At a sparsely attended press roundtable held the next day, Klein went into some detail on a controversial aspect in his class-size reduction plan: to create 400 collaborative/team teaching classrooms that will consist of a 60/40 percent split of regular education students and special education students, with two teachers in the room specializing in each of these models. Klein forcefully made the point that the two-teacher model will certainly mean a class-size reduction for the regular ed children.

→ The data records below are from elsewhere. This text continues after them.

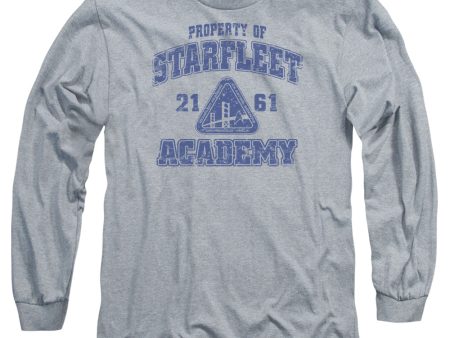 STAR TREK : OLD SCHOOL L\S ADULT T SHIRT 18\1 ATHLETIC HEATHER LG For Discount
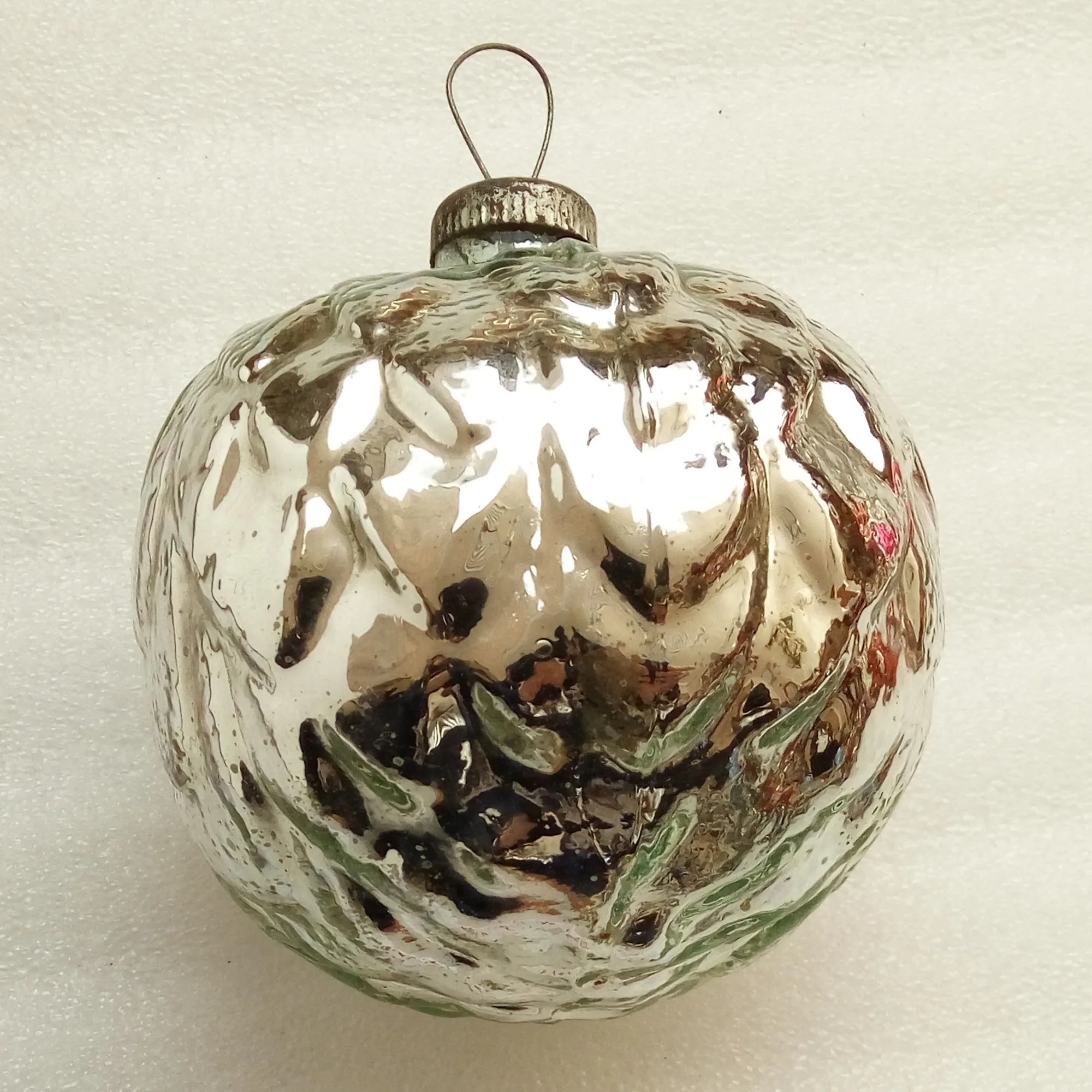 Huge Vintage Glass Christmas Tree Ornament Old Big Hop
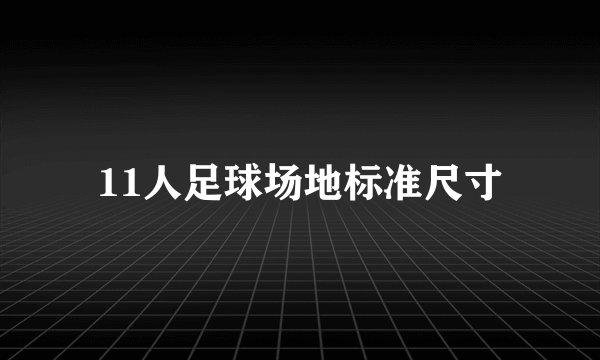 11人足球场地标准尺寸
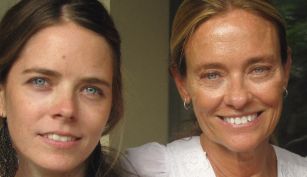  María Eugenia, la trilliza de oro, y su hija Geñi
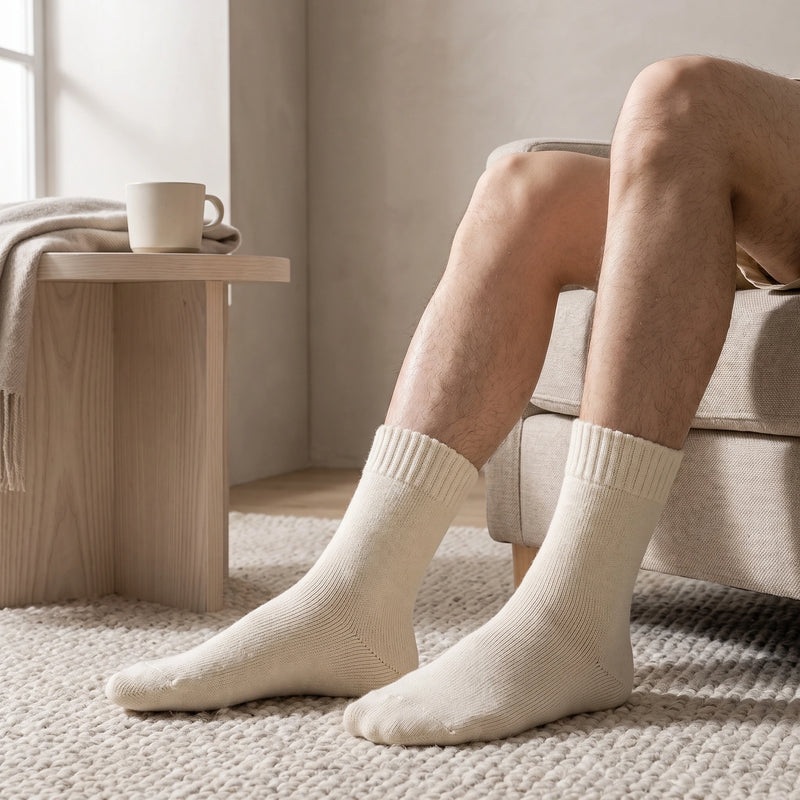 Fleece-Lined Thermal Crew Socks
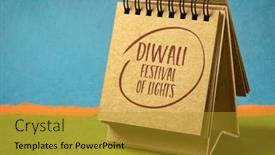  Presentation with festival diwali - Presentation theme with diwali-festival-of-lights-note background and a  colored foreground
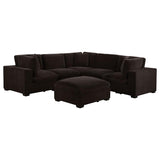 Lakeview Chocolate 6-Piece Upholstered Modular Sectional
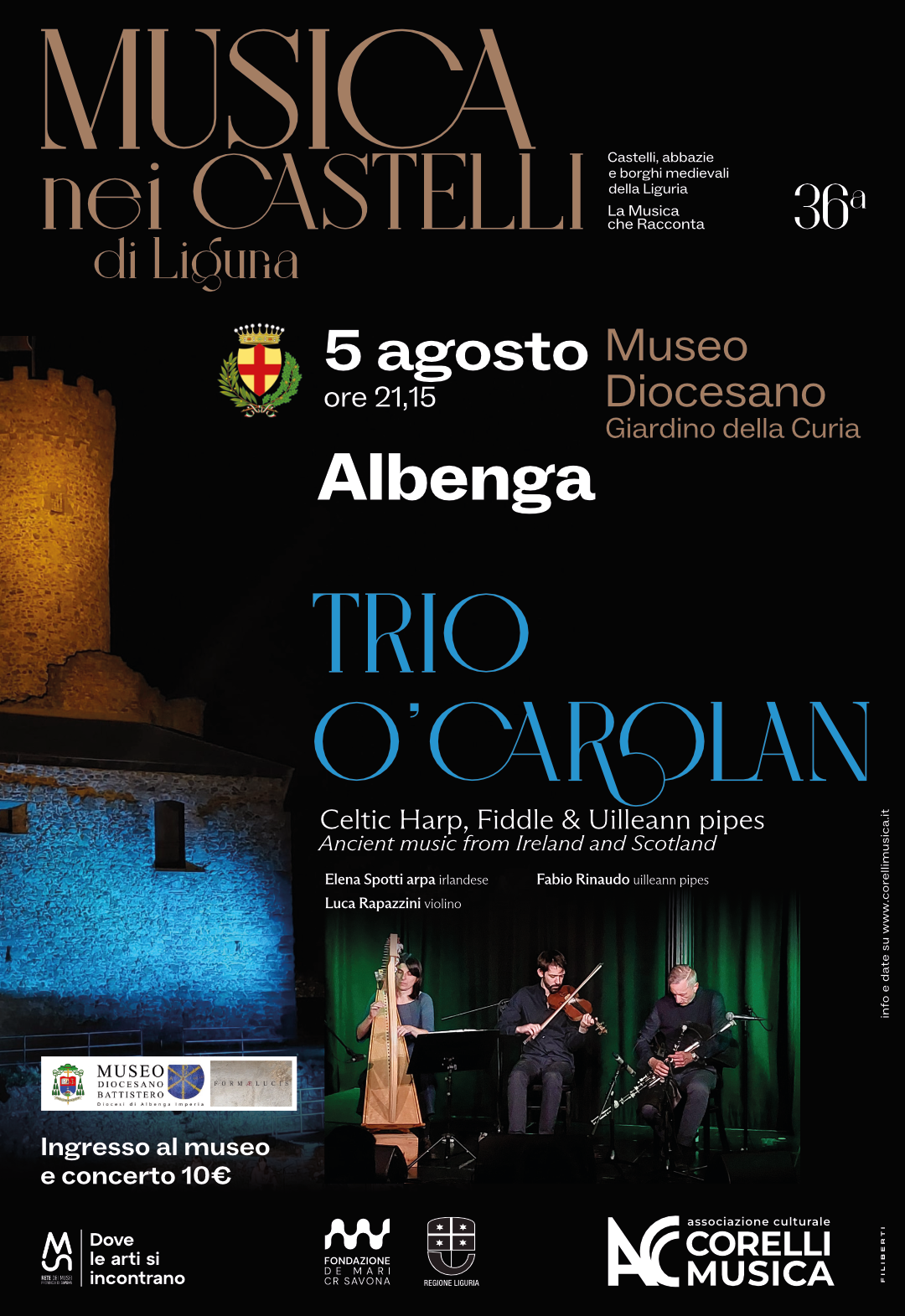 TRIO O’CAROLAN – "Ancient music from Ireland and Scotland"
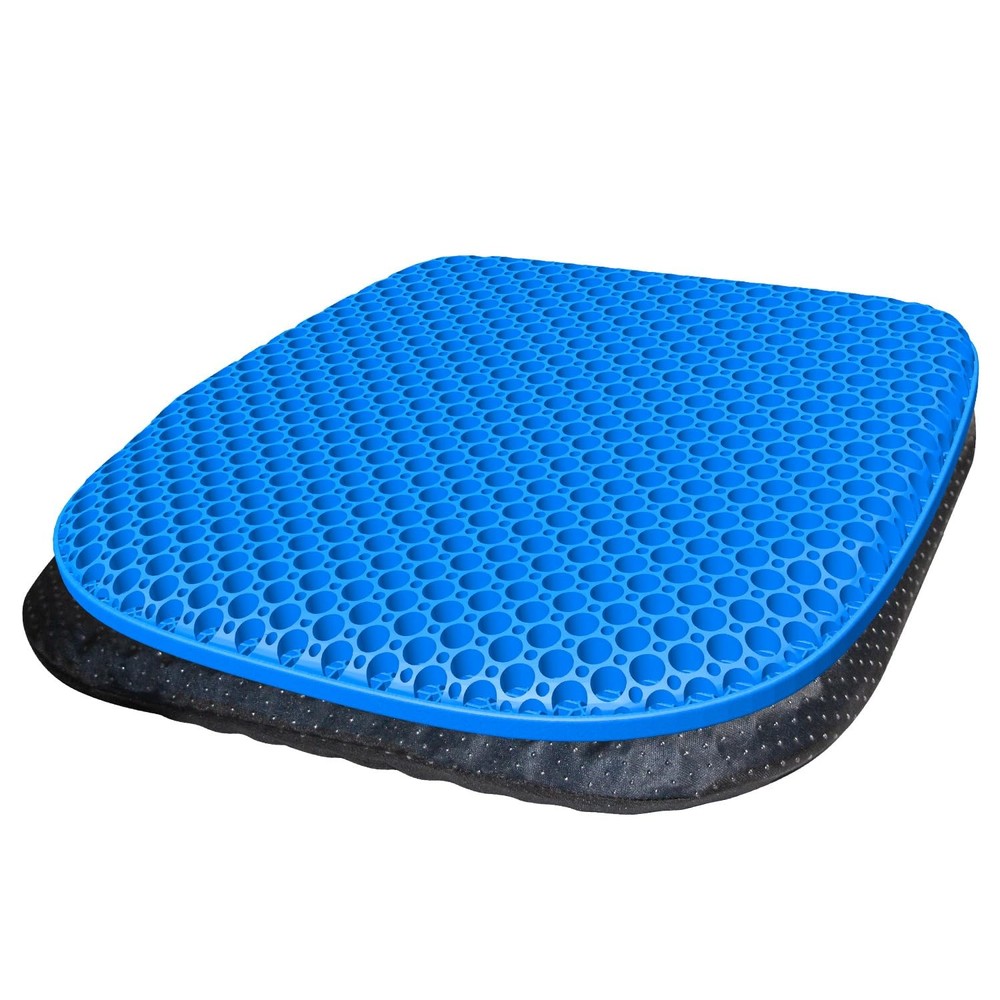 Large Gel Seat Cushion for Long Sitting With Non-Slip Size, Blue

Due to low attendance from the major dailies, AWave reporter had an opportunity to engage in a give and take with the chancellor on this issue. Will there be a paraprofessional, or "para," included, as there are currently in many special ed classes? "Only if the IEP (Individualized Education Plan) of a student calls for it," said Klein. These paras are known as management paras, directed at a particular child and not as general paras in the classroom. For some special ed students used to two adults in the classroom, this plan may not result in an improved ratio. Klein said that this collaborative model has worked very well in some schools, but did not give any specifics. Some Long Island districts have instituted a similar model to some success but an aide or para is often added to the mix.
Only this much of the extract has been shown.